Riley also discovered something about Curry that he didn’t know, that Curry’s motivation to not only make it in the NBA but become a star was a family thing.

“All the information we collected about him was that here was the right guy,” Riley recalled. “He has his head on straight, there were no issues to deal with that would get in the way. There were not any problems we uncovered. That part of it became quite easy.

“But sometimes you wonder, ‘OK, what is this person all about? What motivates him? What turns him on?’ Well, his dad (Dell Curry) had played in the league and it turned out Steph just wanted to be better than his dad and nothing was going to get in his way.”

Although Curry played mostly shooting guard at Davidson, Riley thought he not only had skills but the mentality to play point guard. But there were two issues. For one thing, the Minnesota Timberwolves had the fifth and sixth picks in the draft and openly coveted a point guard. Then there was the internal problem: Golden State already had a ball dominant guard in Monta Ellis, who averaged 19.0 points a game in the 2008-2009 season.

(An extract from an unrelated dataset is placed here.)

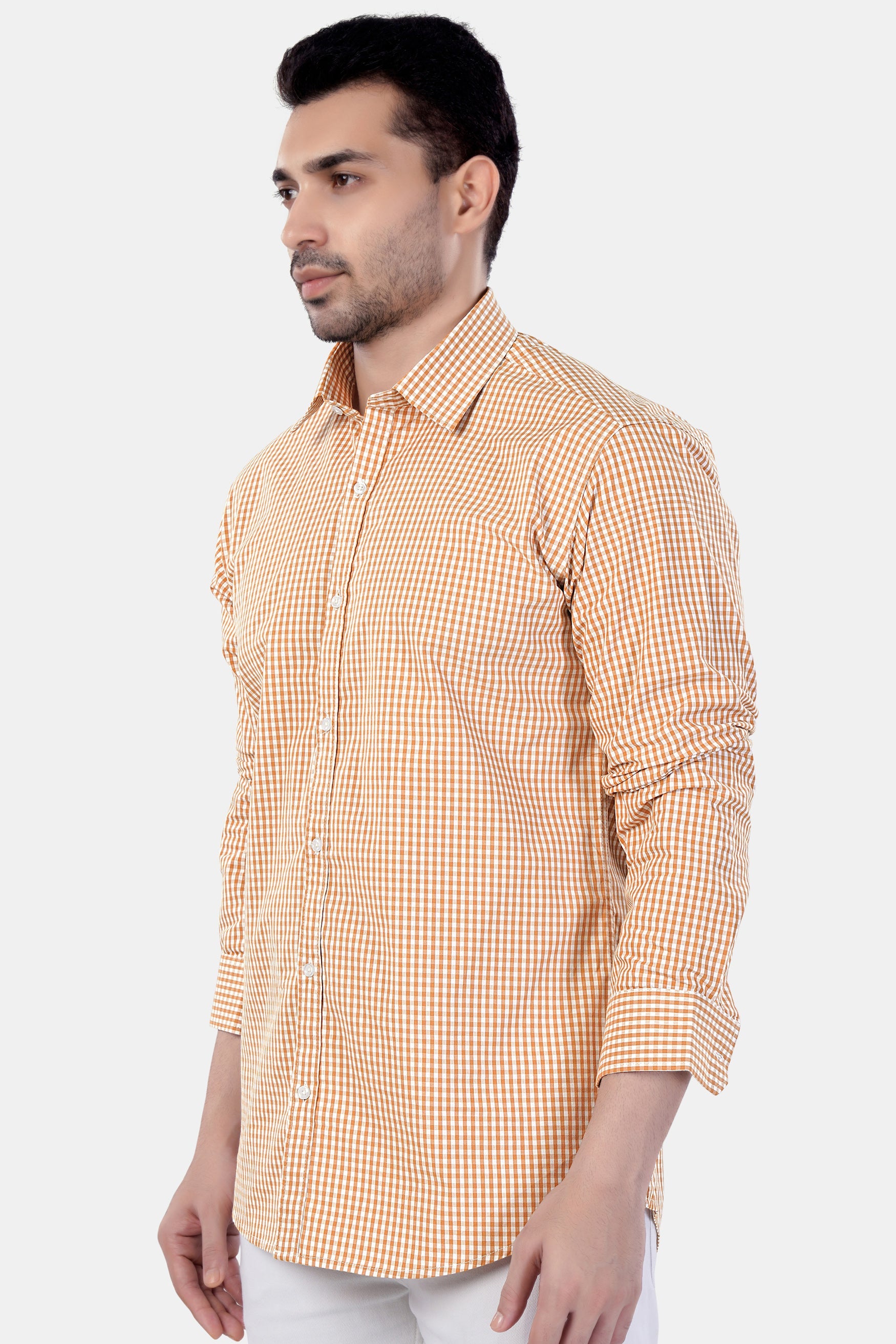 7swords-Jasper Orange and White Gingham Checkered Premium Cotton Shirt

The Warriors thought Minnesota would take Curry – until the day before the draft when Riley said they were told the Timberwolves would select Syracuse’s Jonny Flynn and Ricky Rubio, who had been playing in Spain.

“I had my fingers crossed,” Riley said.

His luck held – thank you, Minnesota – and Curry became a Warrior.

It’s hard to imagine now, but Curry’s selection didn’t sit well with several Warriors’ players, including Ellis, who was vocal in his belief that he and Curry couldn’t play together because they were both smaller guards. 

“He wasn’t their favorite draft pick because we had Monta and there was some feeling among the players we should have drafted a big guy and we didn’t need to add a guard,” Riley said. “So he came into an environment where he met some resistance.”

That resistance melted away during the first 10 days of training camp. Curry won over his teammates, Riley said, “By showing them he could play.”

The Warriors traded Ellis to the Milwaukee Bucks for Andrew Bogut in 2013, turned the team over to Curry and we’d say the rest is history except that implies the past and Curry is still, at 33, the best shooter on the planet.

“I think he is without question the most skilled player to ever play the game,” Riley said. “I don’t know that I’ve ever seen anybody do what he does.”

A postscript: In 2012 Curry and his wife, Ayesha, had their first a child, a daughter. They named her Riley, after the general manager who walked into an Indianapolis gym in 2008, saw Curry suffer through one of the worst shooting nights in his life and walked out hopeful he would one day become a Warrior.